__About this exercise__
Although the data below contains pictures, output only the lines between those holding "Everyone was feeling" and "You go ahead, click", inclusive, exactly and without those pictures.

__Task material__
*** Block opens ***
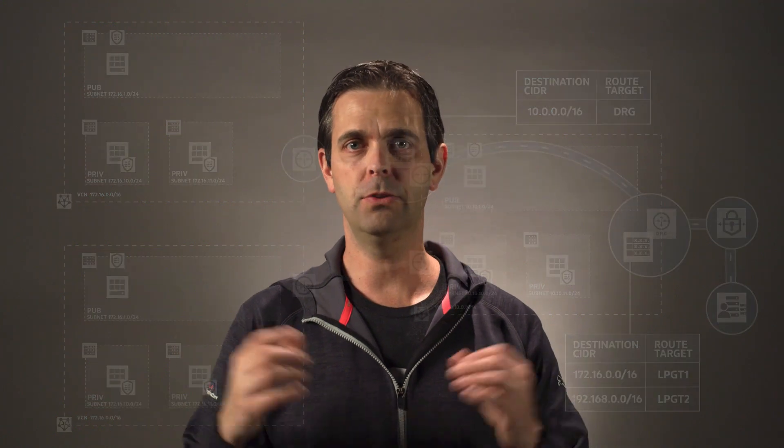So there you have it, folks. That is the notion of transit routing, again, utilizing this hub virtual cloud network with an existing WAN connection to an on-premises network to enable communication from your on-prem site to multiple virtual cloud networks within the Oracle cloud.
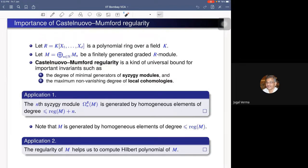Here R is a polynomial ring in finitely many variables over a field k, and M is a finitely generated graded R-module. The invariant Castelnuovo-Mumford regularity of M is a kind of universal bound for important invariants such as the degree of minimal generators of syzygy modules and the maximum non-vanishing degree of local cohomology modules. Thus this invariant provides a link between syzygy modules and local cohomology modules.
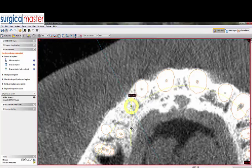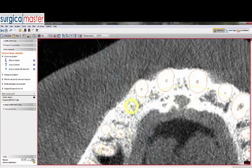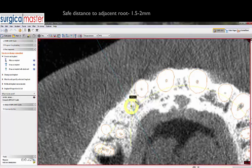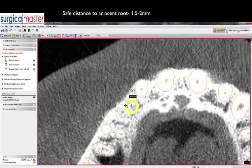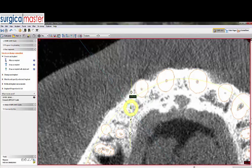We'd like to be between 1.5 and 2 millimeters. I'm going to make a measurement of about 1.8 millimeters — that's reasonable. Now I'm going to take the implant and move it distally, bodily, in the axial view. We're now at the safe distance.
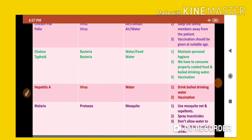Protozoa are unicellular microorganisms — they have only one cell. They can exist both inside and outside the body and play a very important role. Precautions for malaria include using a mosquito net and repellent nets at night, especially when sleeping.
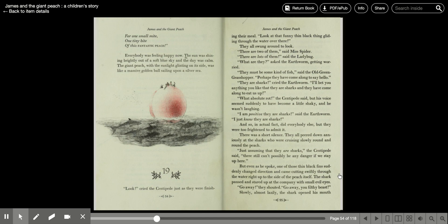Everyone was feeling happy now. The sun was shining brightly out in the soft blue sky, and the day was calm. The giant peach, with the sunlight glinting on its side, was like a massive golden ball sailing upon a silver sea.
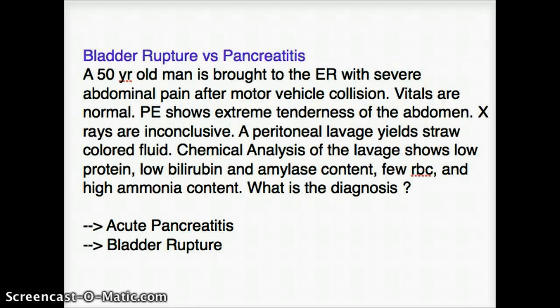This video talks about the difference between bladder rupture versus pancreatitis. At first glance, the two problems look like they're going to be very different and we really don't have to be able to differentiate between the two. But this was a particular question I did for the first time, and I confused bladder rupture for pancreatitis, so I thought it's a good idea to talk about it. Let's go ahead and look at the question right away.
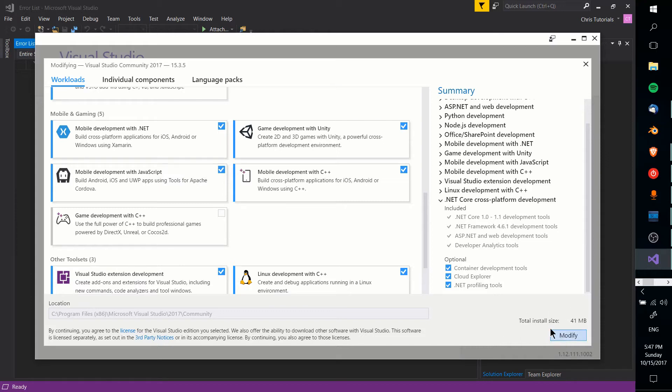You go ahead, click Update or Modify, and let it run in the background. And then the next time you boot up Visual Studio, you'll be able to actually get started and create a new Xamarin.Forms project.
*** Block closes ***
*** Block opens ***
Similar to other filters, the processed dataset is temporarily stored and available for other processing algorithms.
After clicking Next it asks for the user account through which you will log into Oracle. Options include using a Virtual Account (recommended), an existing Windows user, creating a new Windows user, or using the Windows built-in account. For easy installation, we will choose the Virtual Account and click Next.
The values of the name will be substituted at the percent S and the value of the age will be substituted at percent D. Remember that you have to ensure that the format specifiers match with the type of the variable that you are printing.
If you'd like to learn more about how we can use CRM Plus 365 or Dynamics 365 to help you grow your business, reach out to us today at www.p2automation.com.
*** Block closes ***
__Response__
Everyone was feeling happy now. The sun was shining brightly out in the soft blue sky, and the day was calm. The giant peach, with the sunlight glinting on its side, was like a massive golden ball sailing upon a silver sea.
This video talks about the difference between bladder rupture versus pancreatitis. At first glance, the two problems look like they're going to be very different and we really don't have to be able to differentiate between the two. But this was a particular question I did for the first time, and I confused bladder rupture for pancreatitis, so I thought it's a good idea to talk about it. Let's go ahead and look at the question right away.
You go ahead, click Update or Modify, and let it run in the background. And then the next time you boot up Visual Studio, you'll be able to actually get started and create a new Xamarin.Forms project.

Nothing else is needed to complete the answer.